■ What the task requires: Count the lines below that contain the word "photo". Give only the number.
╭─ Task input
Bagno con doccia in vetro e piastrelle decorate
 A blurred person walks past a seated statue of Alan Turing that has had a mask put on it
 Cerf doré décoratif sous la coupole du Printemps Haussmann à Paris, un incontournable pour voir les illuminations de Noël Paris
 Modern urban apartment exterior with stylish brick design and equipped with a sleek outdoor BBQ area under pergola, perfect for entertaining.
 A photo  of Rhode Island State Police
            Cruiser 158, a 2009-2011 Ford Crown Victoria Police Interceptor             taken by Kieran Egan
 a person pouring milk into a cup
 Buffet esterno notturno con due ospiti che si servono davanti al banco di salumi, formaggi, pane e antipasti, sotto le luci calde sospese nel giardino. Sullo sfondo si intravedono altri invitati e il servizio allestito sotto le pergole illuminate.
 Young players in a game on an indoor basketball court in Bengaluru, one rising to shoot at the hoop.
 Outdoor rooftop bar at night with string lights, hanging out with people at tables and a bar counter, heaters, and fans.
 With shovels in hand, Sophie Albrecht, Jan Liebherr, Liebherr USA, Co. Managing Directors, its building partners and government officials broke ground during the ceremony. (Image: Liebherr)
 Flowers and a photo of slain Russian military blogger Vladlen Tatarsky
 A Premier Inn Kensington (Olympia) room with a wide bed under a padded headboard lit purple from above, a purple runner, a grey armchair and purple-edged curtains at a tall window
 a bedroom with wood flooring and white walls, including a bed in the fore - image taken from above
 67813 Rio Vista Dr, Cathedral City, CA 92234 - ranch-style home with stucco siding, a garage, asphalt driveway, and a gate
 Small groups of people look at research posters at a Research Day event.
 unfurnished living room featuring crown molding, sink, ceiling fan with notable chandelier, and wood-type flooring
╰─
■ Response area: 2